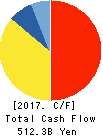 Seven & i Holdings Co., Ltd. Cash Flow Statement 2017年Feb期 Seven & i Holdings Co., Ltd. Cash Flow Statement 2017年2月期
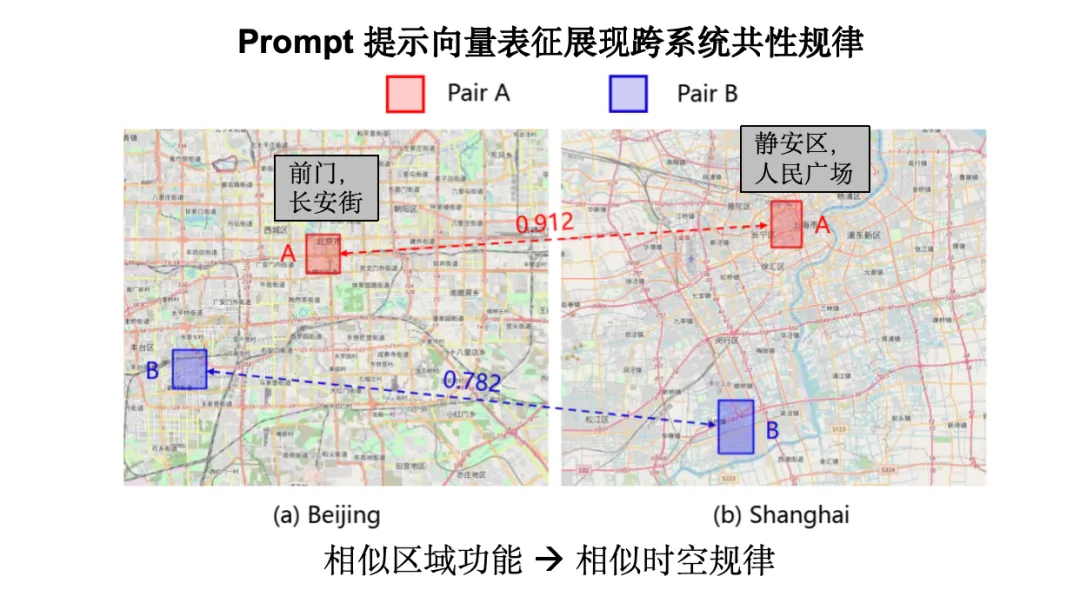 收集20+时空数据集，超1.3亿样本点，清华研究团队基于生成式AI，提出3种城市复杂系统建模方法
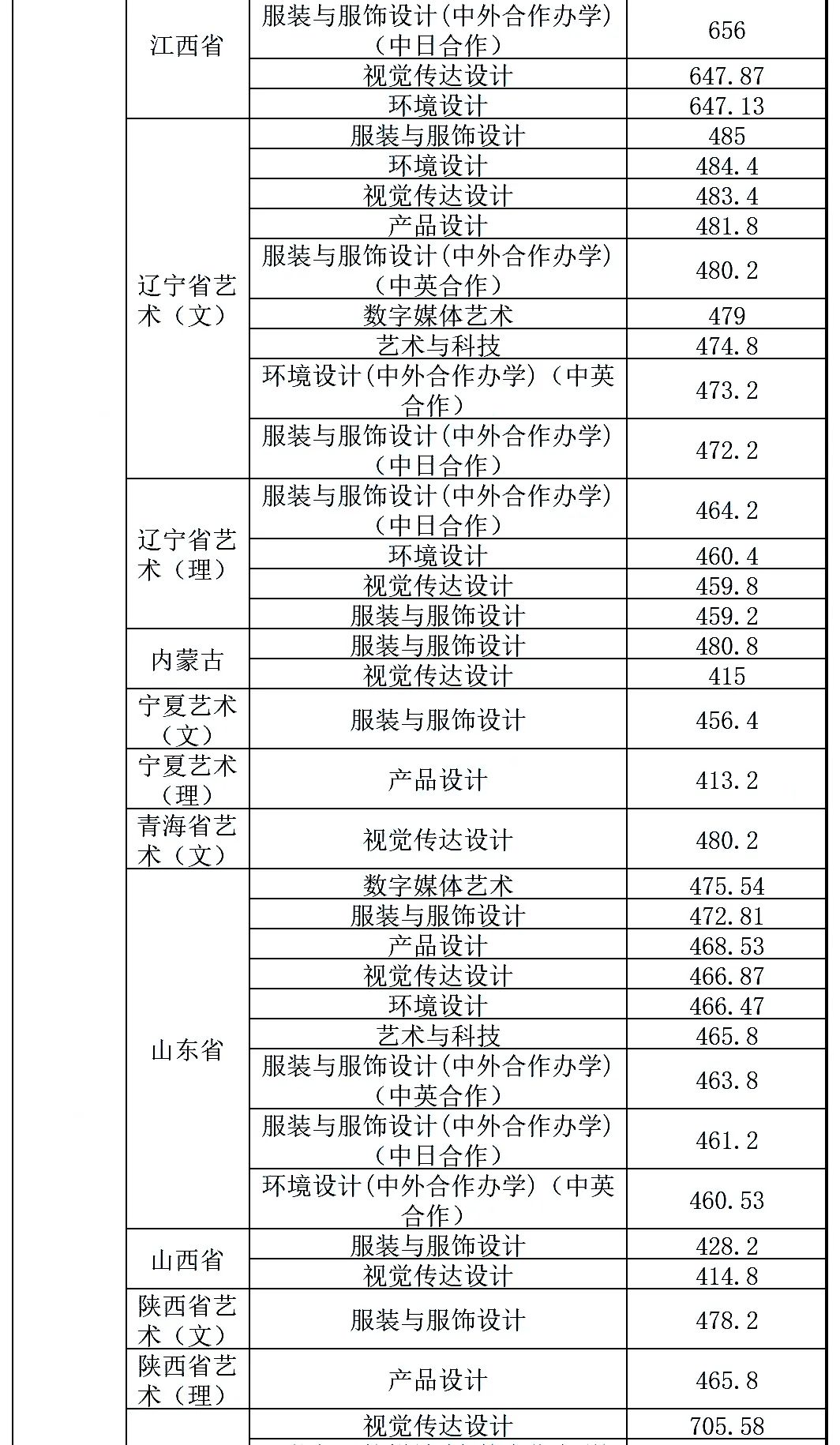 最新发布！211、985院校各省艺术类专业文化录取线大汇总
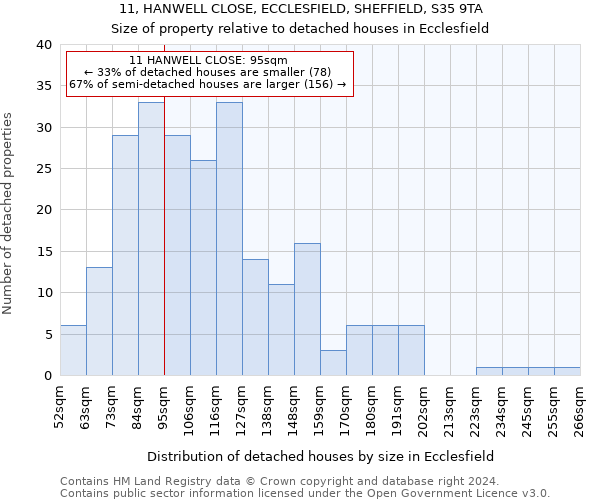 11, HANWELL CLOSE, ECCLESFIELD, SHEFFIELD, S35 9TA: Size of property relative to detached houses in Ecclesfield
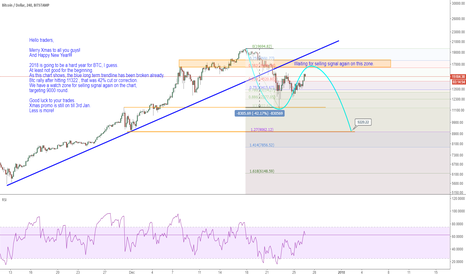 Btc: Targeting 9000 round
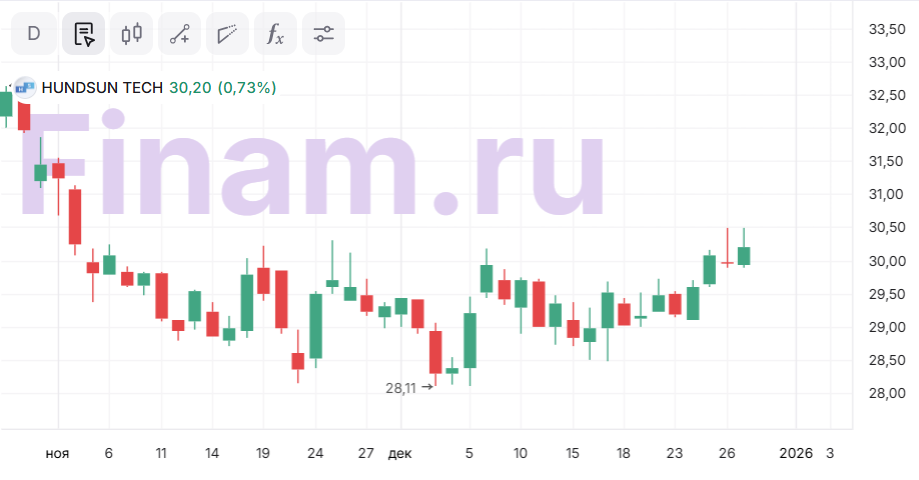 Hundsun Technologies выигрывает от конфликтов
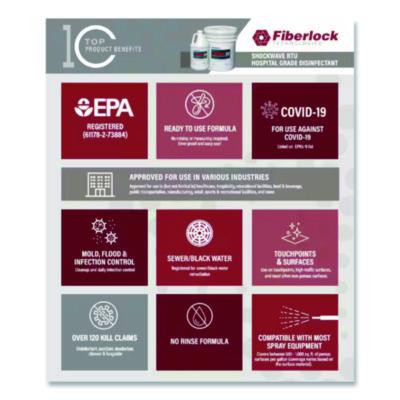 Shockwave Rtu Disinfectant Spray, 1 Gal Bottle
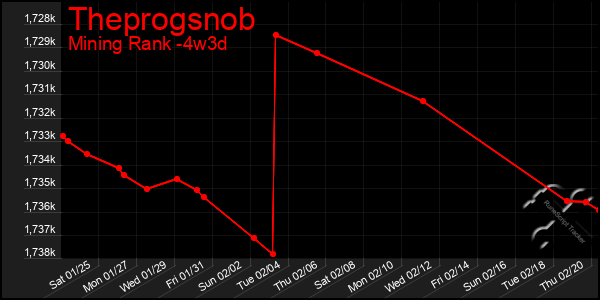 Last 31 Days Graph of Theprogsnob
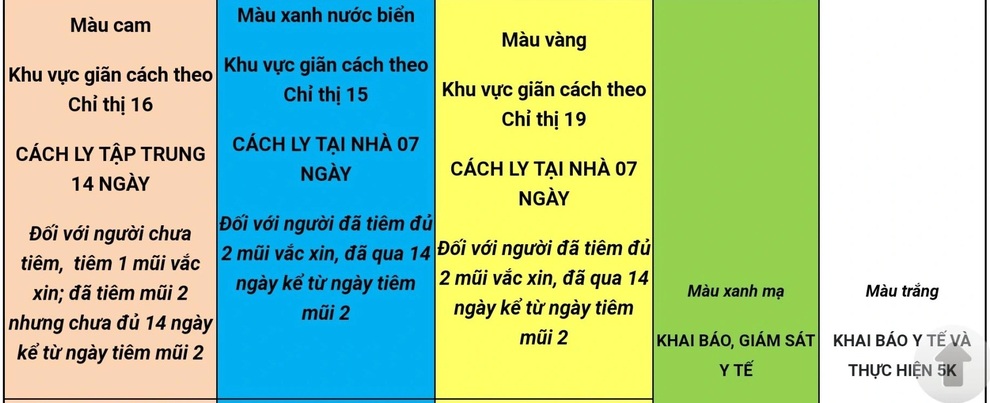 Hướng dẫn chi tiết cho người từ tất cả các tỉnh, thành muốn đến Hải Phòng - 1 Hướng dẫn chi tiết cho người từ tất cả các tỉnh, thành muốn đến Hải Phòng - 1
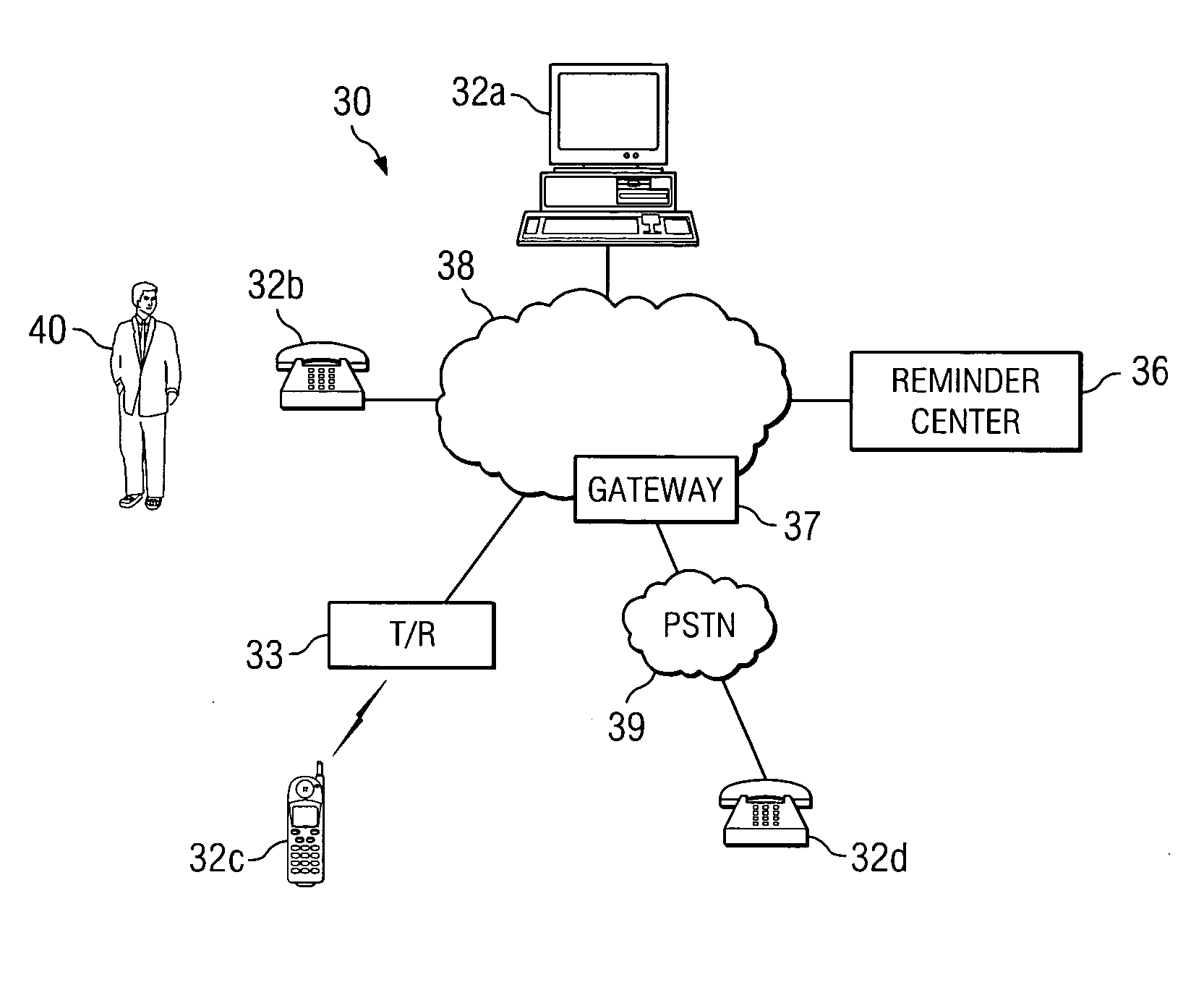System and method for voice scheduling and multimedia alerting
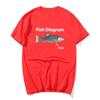 Fish Diagram Funny Meme Graphic Tee Shirt Men Women Casual Fashion Short Sleeve T-shirt Summer O-Neck Cotton Oversized T Shirts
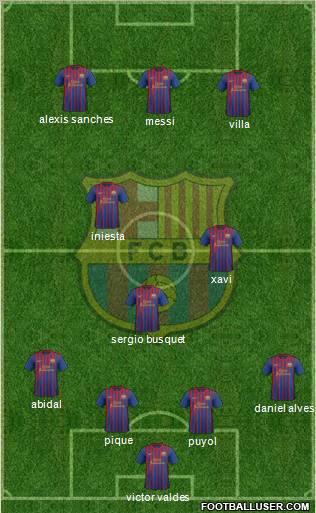 F.C. Barcelona Formation 2012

:: WHAT IS NEEDED ::
Restate word for word only the lines from where the entries begin through the one with "11, HANWELL CLOSE, ECCLESFIELD, SHEFFIELD, S35"; omit the pictures.

:: YOUR SOLUTION ::
 Seven & i Holdings Co., Ltd. Cash Flow Statement 2017年Feb期 Seven & i Holdings Co., Ltd. Cash Flow Statement 2017年2月期
 收集20+时空数据集，超1.3亿样本点，清华研究团队基于生成式AI，提出3种城市复杂系统建模方法
 最新发布！211、985院校各省艺术类专业文化录取线大汇总
 11, HANWELL CLOSE, ECCLESFIELD, SHEFFIELD, S35 9TA: Size of property relative to detached houses in Ecclesfield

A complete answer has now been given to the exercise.